Depuis le déclenchement du Déluge d’al-Aqsa, ce sont trois chefs militaires qui se sont élevés en martyrs : le premier a été le commandant de la force Redwane Wissam Hassan al-Tawil qui a été tué le 9 janvier dernier.
Les martyrs qui invitent leurs compagnons au martyre
En rendant hommage à Abou Ne‘meh, sayed Nasrallah a tenu à s’arrêter sur le verset coranique qui assure que les martyrs sur la voie de Dieu sont toujours vivants, et le restent avant l’avènement du Jugement dernier.
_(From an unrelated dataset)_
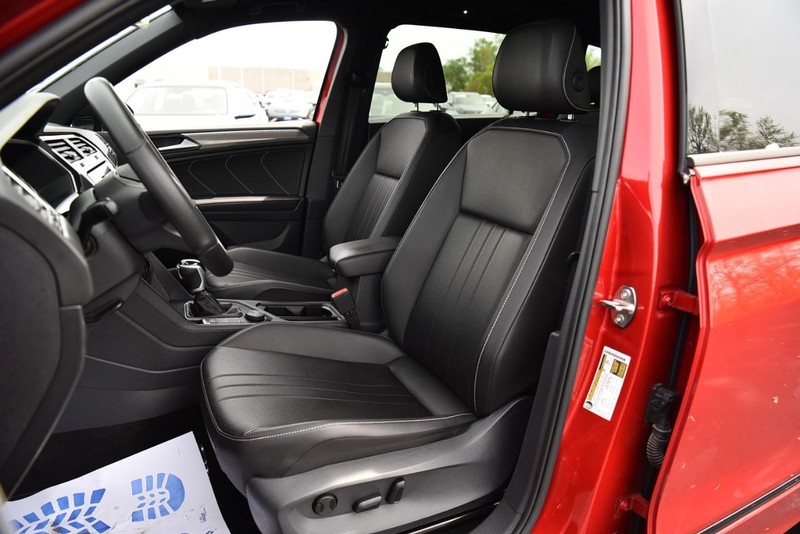 Volkswagen Tiguan Vehicle Image 21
Il rapporte selon le contenu du verset coranique que ces combattants, après leur martyre, évoquent leurs compagnons qui ne les ont pas encore rejoints qu’ils obtiendront les bienfaits qu’ils ont obtenus.
« C’est comme si les martyrs précédents ont prévu le bienfait de Jawad qui à son tour a annoncé le bienfait pour Abou Taleb lequel a annoncé le bienfait pour Abou Ne‘meh lequel fera de même avec ses frères qu’il attend depuis son rang élevé ».
Comme si les martyrs invitaient leurs compagnons encore vivants au martyre.
Le 4 juillet, d’après les obsèques importantes qui lui ont été organisées dans la banlieue sud de Beyrouth avant que sa dépouille ne soit transportée dans son village natal, on peut deviner que c’est un chef de gros calibre. Des milliers étaient présents, quoique la plupart ne le connaissait pas. Certains aspects seront certes révélés. Mais il emportera avec lui beaucoup de secrets . C’est aussi le cas de beaucoup de ses pairs.